After reviewing the exercise and giving Semelsberger a few tips for his next run, the instructor was ready to send the recruit off to the straightaway section of the course where Schultz — and Timmy — awaited.
“OK,” Semelsberger said, gripping the wheel as he prepared to accelerate into the braking section. “I am not going to hit it this time!”
Shooting forward, Semelsberger laid off the accelerator as he passed a line of three cones on his right. Then, he quickly began stabbing the brakes as the next milestone, a line of four cones to his left, came level with the front bumper.
Weaving ever so slightly, Semelsberger’s eyes flicked away from the line in front of him for a fraction of a second to adjust, just long enough for the final line of cones — and Timmy — to disappear under the hood with a sickening crunch.
“I, uh, I definitely hit something there,” Semelsberger said sheepishly, hanging his head slightly as he pulled through the final curve.

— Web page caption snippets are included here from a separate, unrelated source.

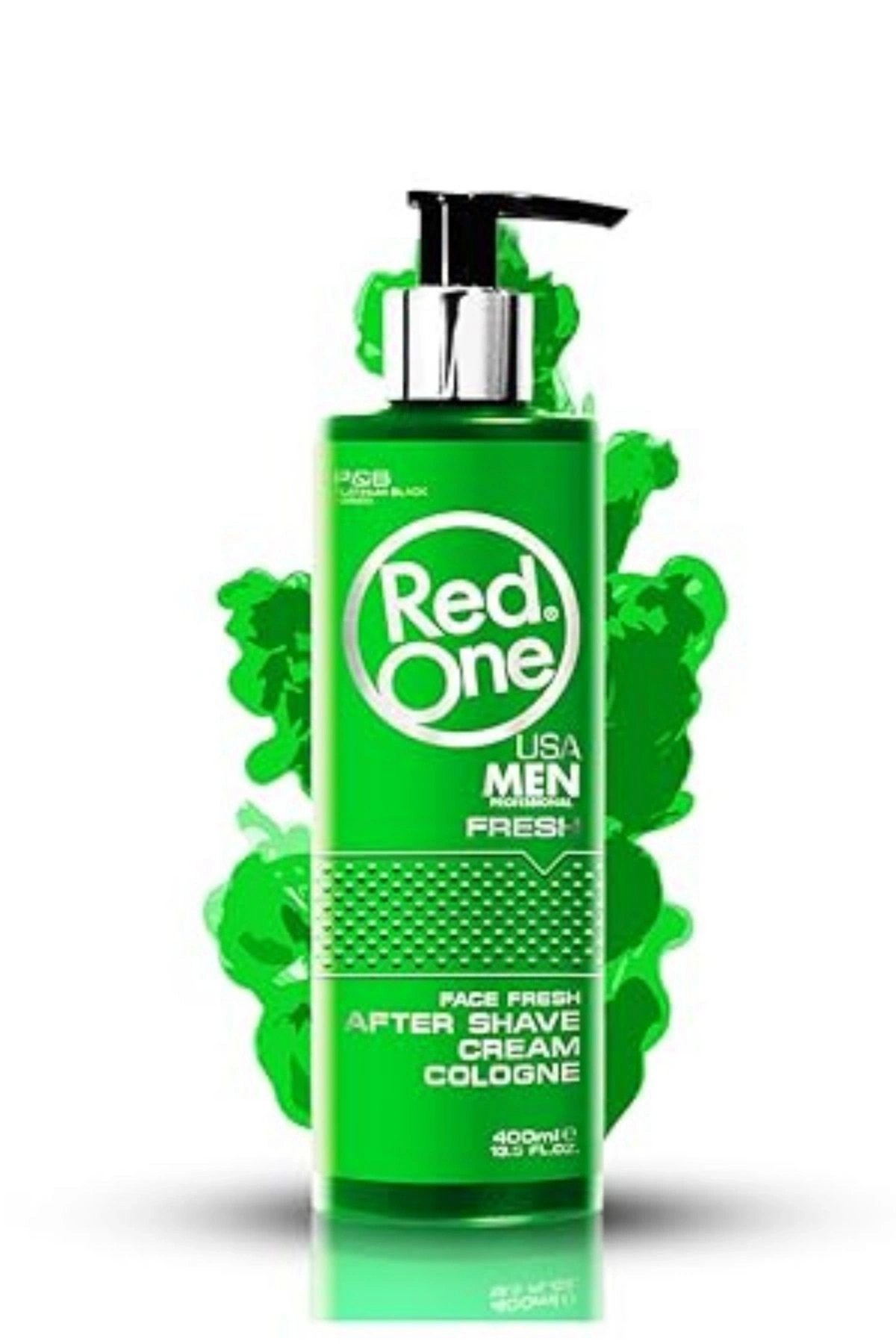 Red One Redone Krem Kolonya Fresh Tıraş Sonrası Balsam Rahatlatır Ve Ferahlatır 400 ml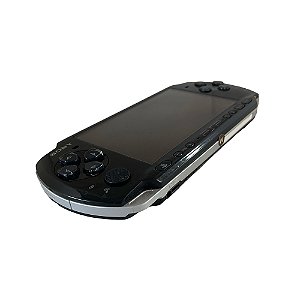 Console PSP PlayStation Portátil 3000 - PSP (Japonês)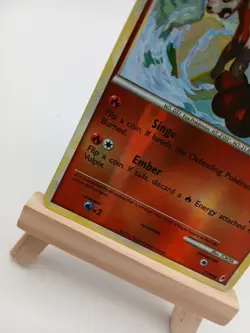 Vulpix 75/95 - Call of Legends - Reverse Holo Common LP Pokemon Card, 2011 - Image 3
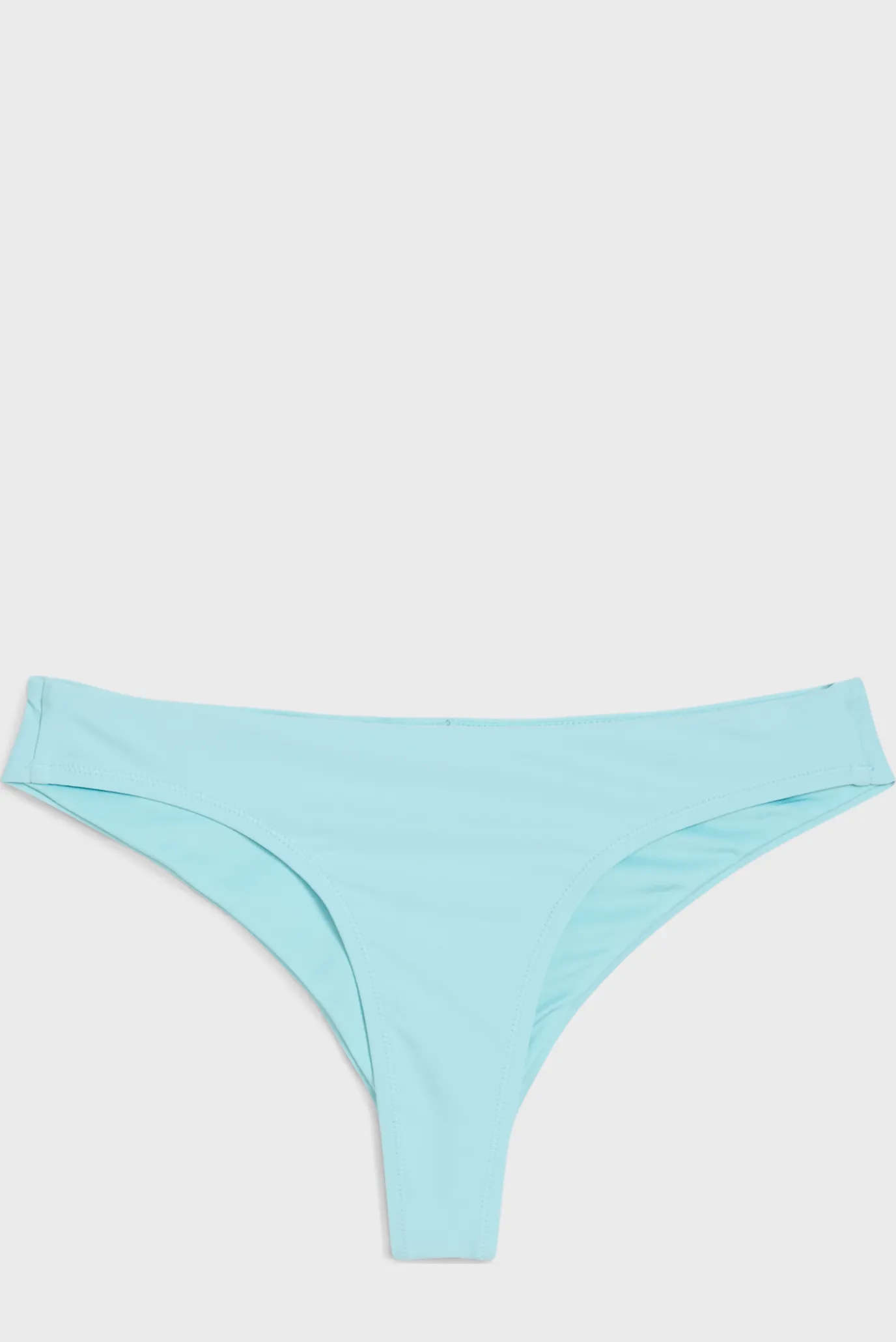 Женские мятные трусики от купальника PUMA Women's Brazilian Swim Bottoms 1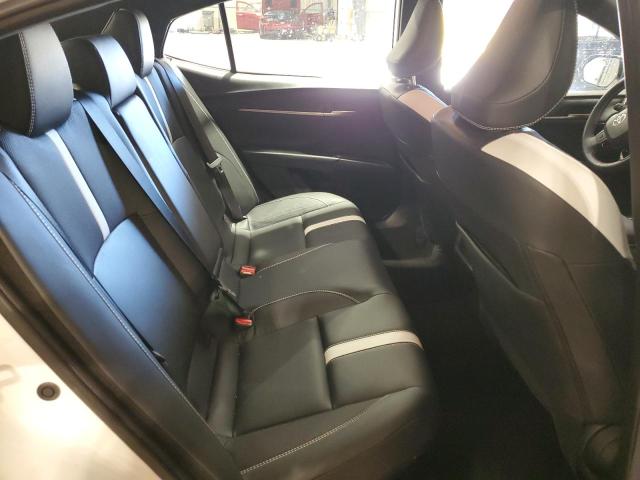 4T1DAACK1SU141426 - 2025 TOYOTA CAMRY XSE WHITE photo 10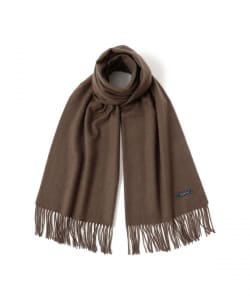 ウール カシミヤ マフラー 25FW（60cm）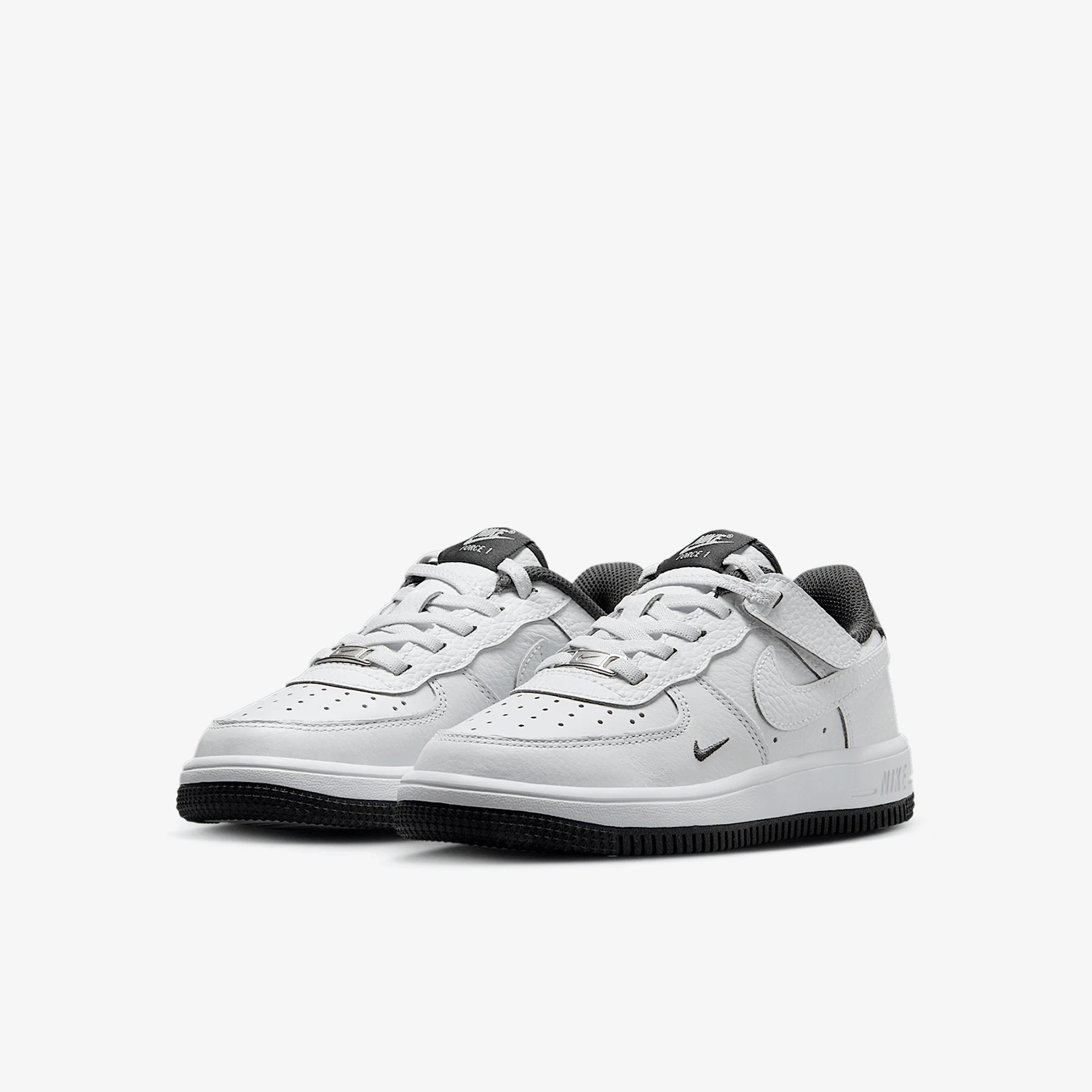 

Оригинальная детская легкая дышащая повседневная спортивная обувь на липучке Nike 2025 HJ6785-100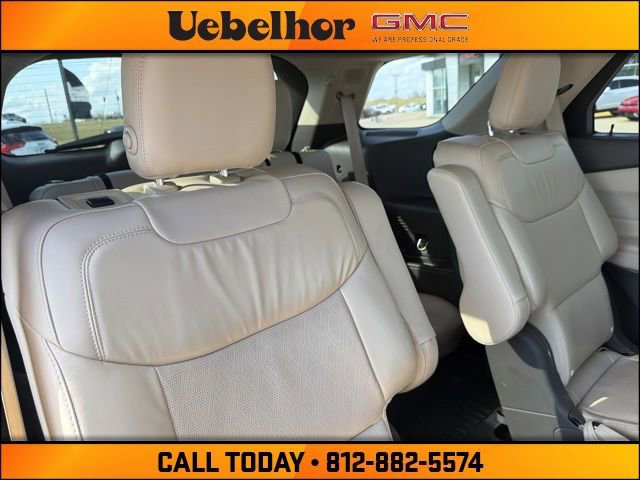 Used 2020 Ford Explorer Platinum w/ Premium Technology Package image 5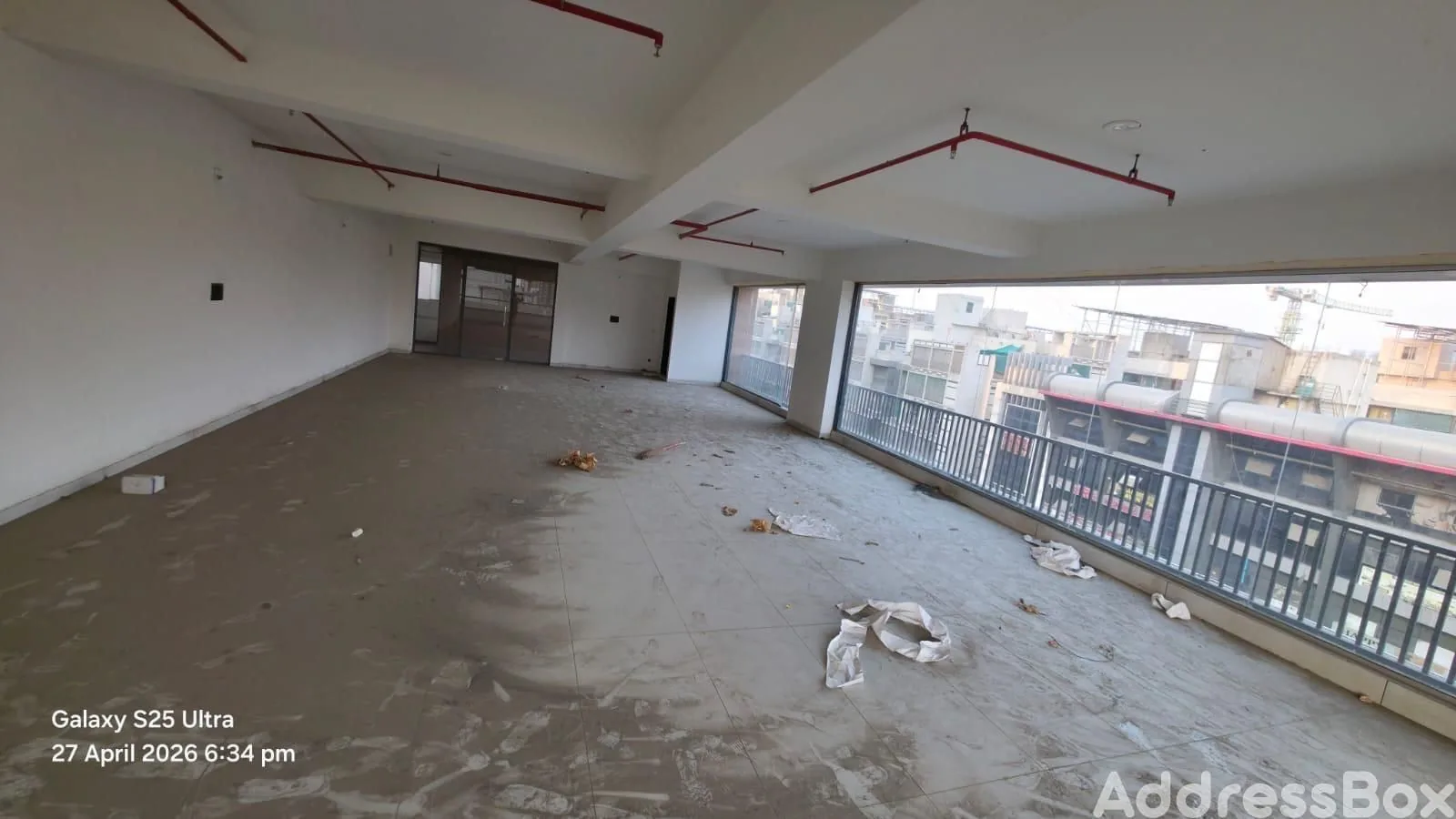 Office for sale in GOLDEN PLAZA, Nikol, Ahmedabad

As if on cue, the sound of Schultz’s maniacal laughter reached the cabin of the ambulance.
“Sorry, Timmy,” Semelsberger said, shaking his head as Schultz and the rest of the instructors came into view out the ambulance’s passenger’s side window, securing the wooden figure back in its place.
Schultz was all business again by the time the recruits broke for lunch a few minutes later.
“We expect that sort of thing to happen here on the training course,” the captain said. “Here, any students that are having problems, we can go back and help them with some extra instruction and practice. We can’t make up for that during an emergency.”